= Iryna Sushko =

Ukrainian mathematician

Iryna Sushko (born 1967) is a Ukrainian mathematician who works as a senior research fellow in the Institute of Mathematics of the National Academy of Sciences of Ukraine and as a visiting professor at the Kyiv School of Economics. Her research concerns nonlinear dynamical systems and their applications in economics and radio engineering.

==Education and career==
Sushko was born in 1967, near Kyiv. She earned a master's degree in cybernetics from the Taras Shevchenko National University of Kyiv in 1989. After postgraduate study at the National Academy of Sciences of Ukraine, she earned a candidate (PhD) degree in physics and mathematics in 1993, supervised by Oleksandr Mykolayovych Sharkovsky. She became a research fellow at the National Academy of Sciences in 1993 and was promoted to senior research fellow in 2002.

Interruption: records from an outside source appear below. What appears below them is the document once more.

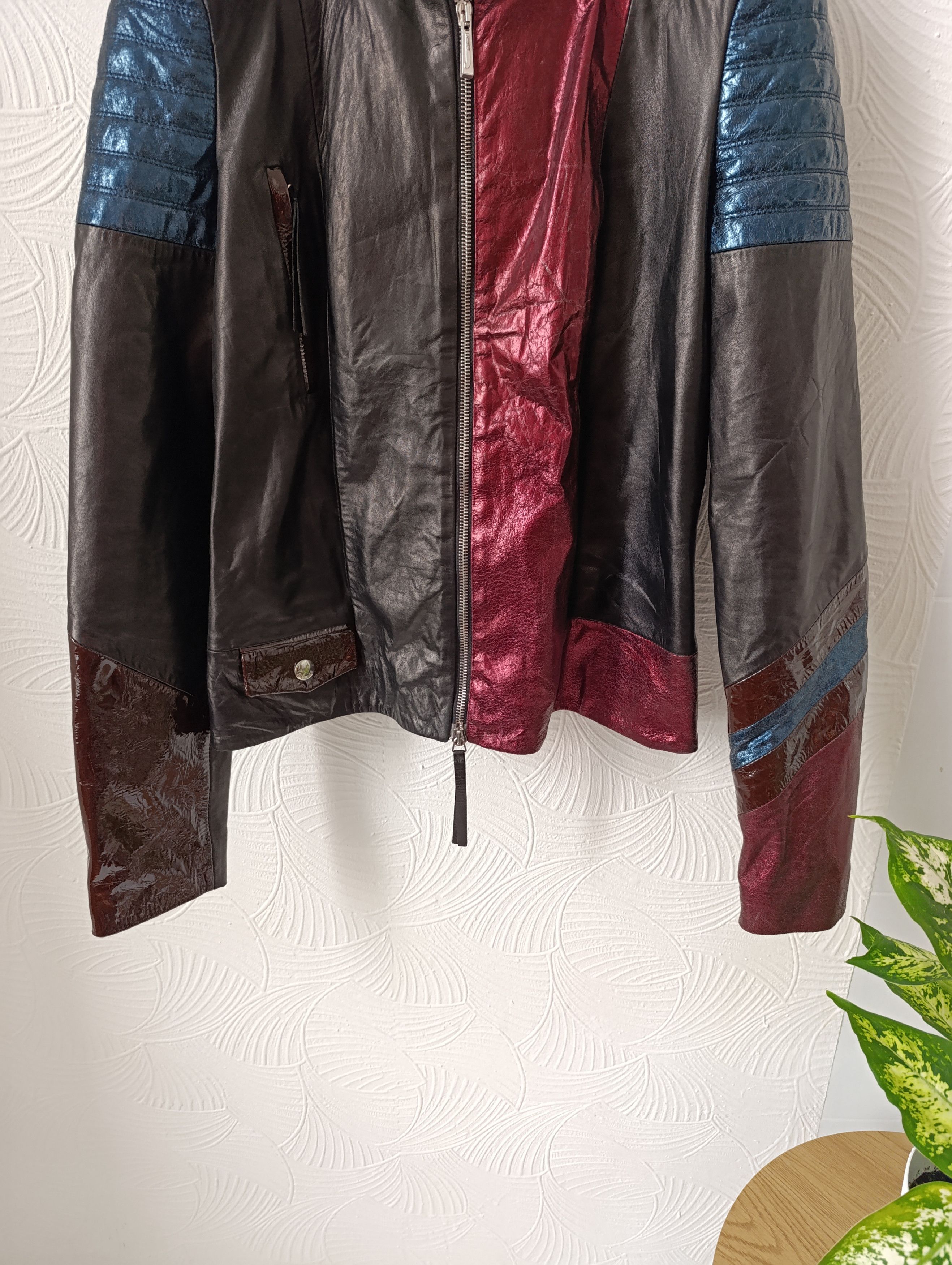Just Cavalli JUST ROBERTO CAVALLI COUTURE 2013 LEATHER BIKER JACKET Size XL / US 12-14 / IT 48-50 - 3 Thumbnail
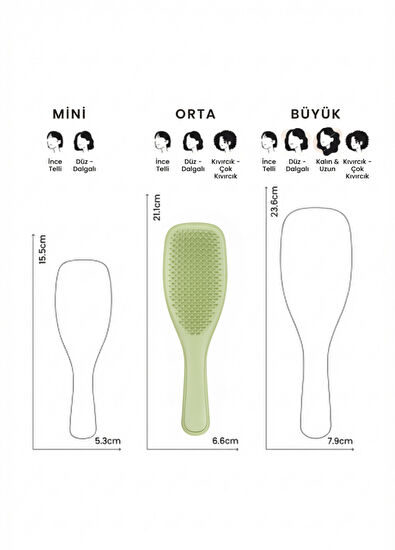 Tangle Teezer Matte Ultimate Detangler Olive Green Hair Detangling Brush - 7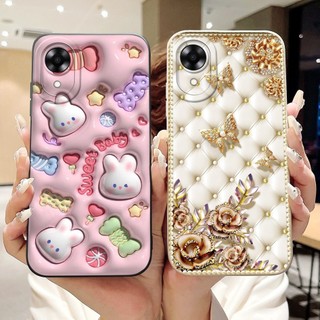 Vỏ Hoạt Hình Cho OPPO A17 CPH2477 / A17K CPH2471 Ốp Lưng Điện Thoại Gấu Trúc Dễ Thương Thỏ Mềm Silicon Cho OPPOA17 A 17K Ốp Lưng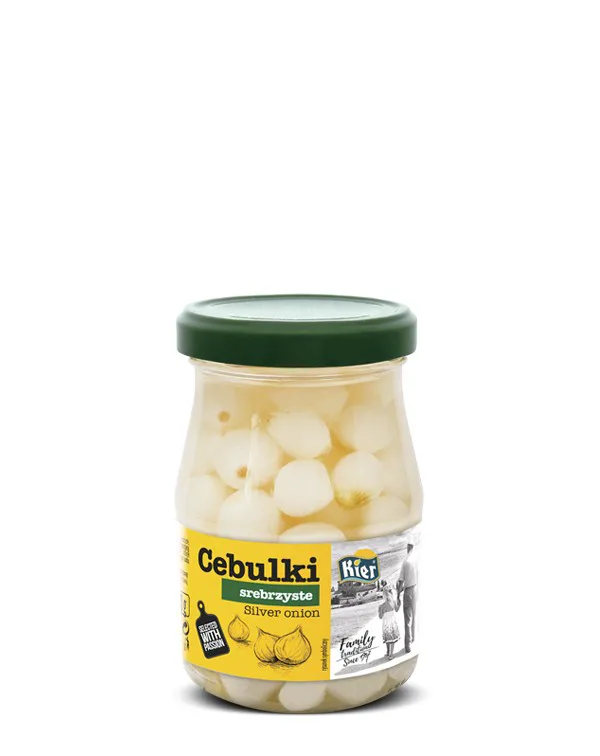 Cebulki marynowane białe 330 g (190 g)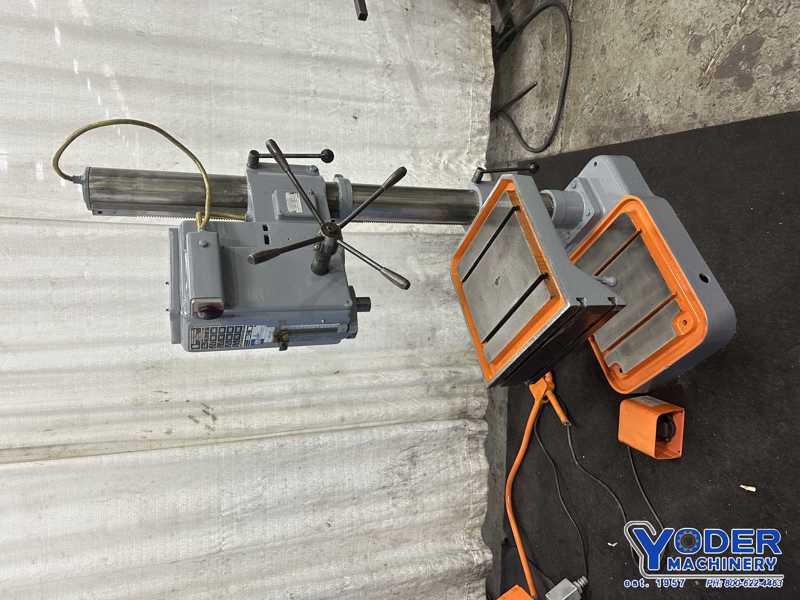22" Solberga #SE725 Round Column, single spindle drill, 4-1/2" stroke, 14" x14" table, 2 HP - Image 10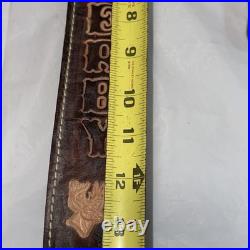 Vintage Leather WEATHERBY & Deer Head Hand Tooled Custom Rifle Sling 37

In 2004–2005 she visited the University of Urbino as a Marie Curie Fellow of the European Community. Since 2009 to 2020 she has also held a position as a visiting professor at the Kyiv School of Economics.

==Books==
Sushko is the co-author of Continuous and Discontinuous Piecewise-Smooth One-Dimensional Maps: Invariant Sets and Bifurcation Structures (with Viktor Avrutin, Laura Gardini, and Fabio Tramontana, World Scientific, 2019)

She is also a co-editor of several edited volumes, including Oligopoly and Complex Dynamics: Models and Tools (Springer, 2002), Business Cycle Dynamics: Models and Tools (Springer, 2006), and Global Analysis of Dynamic Models for Economics, Finance and Social Sciences (Springer, 2013).